V2.07 29-Jul-04
SPICE is an acronym for Simulation Program with Integrated Circuit Emphasis and was inspired by the need to accurately model devices used in integrated circuit design. It has now become the standard computer program for electrical and electronic simulation. The majority of commercial packages are based on SPICE2 version G6 from the University of California at Berkeley although development has now progressed to SPICE3. The increased utilisation of PCs has led to the production of PSPICE, a widely available PC version distributed by the MicroSim Corporation whilst HSPICE from Meta-Software has been popular for workstations and is now also available for the PC
From a manufacturer's point of view, releasing a PSICE model of their component has some risks. Competitors may be able to work out confidential circuit implementations from the netlist. IBIS, or the "Input/Output Buffer Information Specification," is a device modeling standard that was developed in 1993 by a consortium of companies from within the electronic design industry. IBIS allows the development of device models that preserve the proprietary nature of IC chip designs, while at the same time providing information-rich models for signal integrity and EMC analysis.
IBIS models do not model the functionality of the device as SPICE models do.

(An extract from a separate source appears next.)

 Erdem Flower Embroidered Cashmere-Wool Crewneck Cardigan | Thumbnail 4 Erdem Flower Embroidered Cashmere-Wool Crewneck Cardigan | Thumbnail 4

They simply model how the inputs and outputs switch, their inductance, capacitance, and voltage and current characteristics. However, this has the advantage that models can be created for devices that it would be completely impractical to develop a SPICE model for - for example, the AMD K6 microprocessor!
Although IBIS models will not work directly in a SPICE simulation, there is a tool available for translating IBIS models into SPICE models. It is available here along with installation instructions.
Demonstration versions of the SPICE simulator are available for download on the web (if you can wait!) at a few locations, some of which are listed below:
MicroSim DesignLab Release 8
http://www.ee.mtu.edu/faculty/rzulinsk/pspice.htm
Orcad Student Edition Release 9.1
http://www.orcad.com/Product/Simulation/PSpice/eval.asp
Winspice
http://www.willingham2.freeserve.co.uk/winspice.html
Proteus Lite
This package has a registered and unregistered version, and includes a full
schematic capture and PCB layout program as well as a mixed-signal SPICE-based
simulator.
http://www.labcenter.co.uk/downloads/
Circuit Maker
This program has a full and a student edition. The student edition is available
for free download, and comes with a very large library of models.
http://www.circuitmaker.com/downloads/student.htm
There are many more listed on Terry Pinnell's site here:
http://www.terrypin.dial.pipex.com/ECADList.html
LTSpice.
This is a simulator provided free by Linear Technology. It has no
node limitations so you can simulate large circuits with it. This is
the simulator that I use by choice.
http://www.linear.com/software/
The demonstration versions are generally limited to the number of nodes on the circuit they can simulate, and the number of models that come with it. A typical node limit is 60 nodes. This actually represents quite a large circuit. However, once you pop an opamp or two on there (which may have 20 or 30 internal nodes), then you can soon run out.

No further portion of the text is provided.